Research on Life Characteristics of Internet Based on Network Motifs

TL;DR

This paper investigates the life-like behaviors of the Internet, such as metabolism, self-replication, and mutation, through network motifs and topology analysis, revealing its complex artificial life characteristics.

Contribution

It introduces a framework analyzing Internet evolution via network motifs, highlighting life-like behaviors and mutation phenomena driven by environmental influences.

Findings

Internet exhibits metabolism, self-replication, and mutation behaviors.

Motif M3 fluctuations cause Internet mutations.

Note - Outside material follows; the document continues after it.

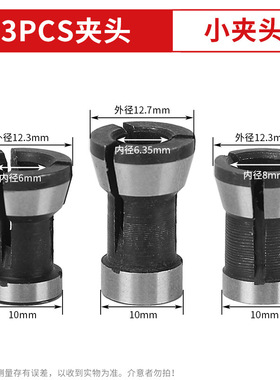 6/6.35/8mmM15+夹头系列雕刻机夹头修边机角磨机夹头木工配件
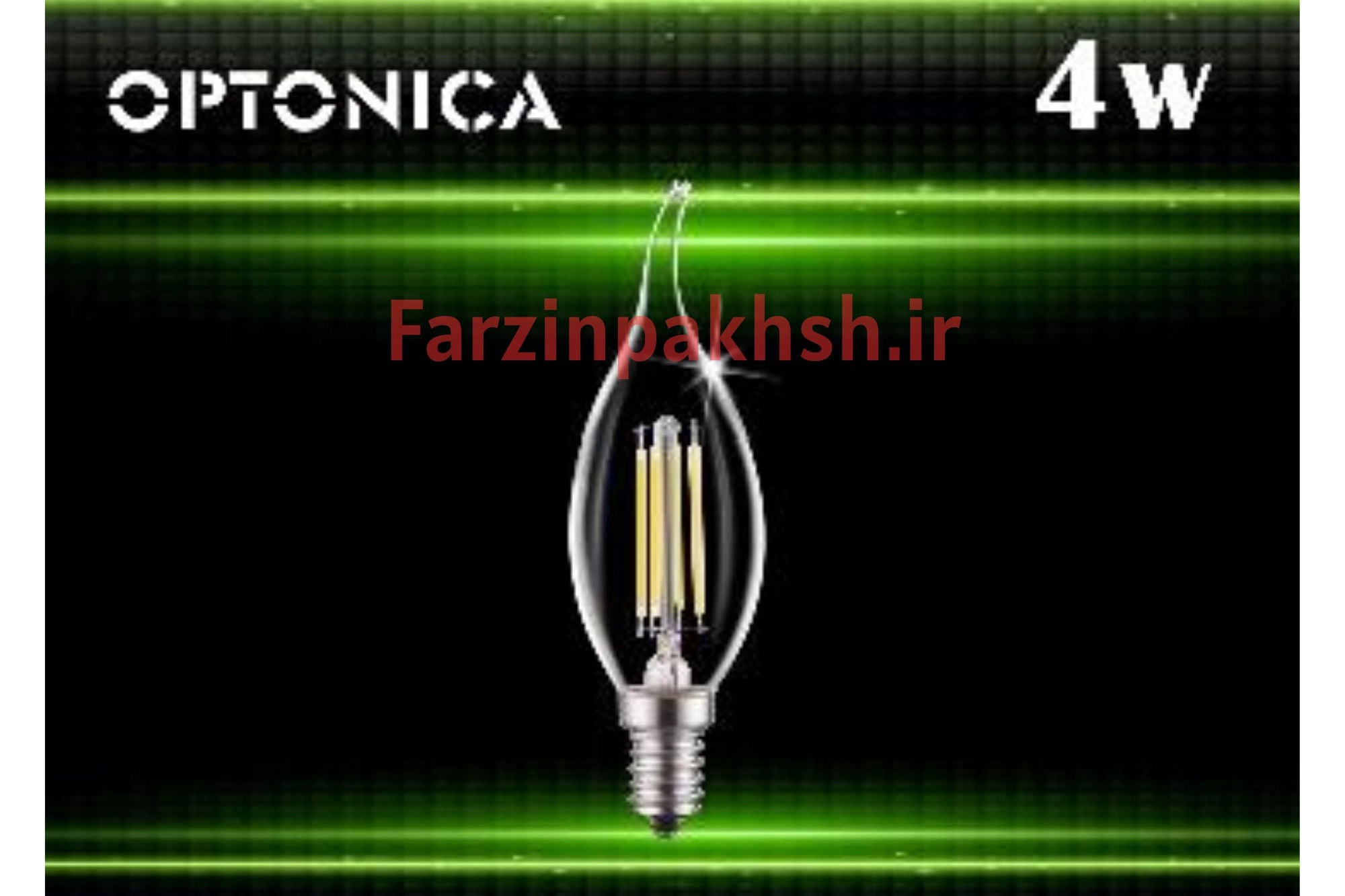 لامپ ادیسونی(فیلامنتی) 4 وات اپتونیکا مدل 1404-TURN UP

Environmental factors trigger Internet mutations.

Abstract

From biosystem to complex system,the study of life is always an important area. Inspired by hyper-cycle theory about the evolution of non-life system, we study the metabolism, self-replication and mutation behavior in the Internet based on node entity, connection relationship and function subgraph--motif--of network topology. Firstly a framework of complex network evolution is proposed to analyze the birth and death phenomena of Internet topology from January 1998 to August 2013. Then we find the Internet metabolism behavior from angle of node, motif to global topology, i.e. one born node is only added into Internet, subsequently takes part in the local reconstruction activities. Meanwhile there are nodes' and motifs' death. In process of the local reconstruction, although the Internet system replicates motifs repeatedly by adding or removing actions, the system characteristics and global structure are not destroyed. Statistics about the motif M3 which is a full connectivity subgraph shows that the process of its metabolism is fluctuation that causes mutation of Internet. Furthermore we find that mutation is instinctive reaction of Internet when it's influenced from inside or outside environment, such as Internet bubble, social network rising and finance crisis. The behaviors of metabolism, self-replication and mutation of Internet indicate its life characteristic as a complex artificial life. And our work will inspire people to study the life-like phenomena of other complex systems from angle of topology structure.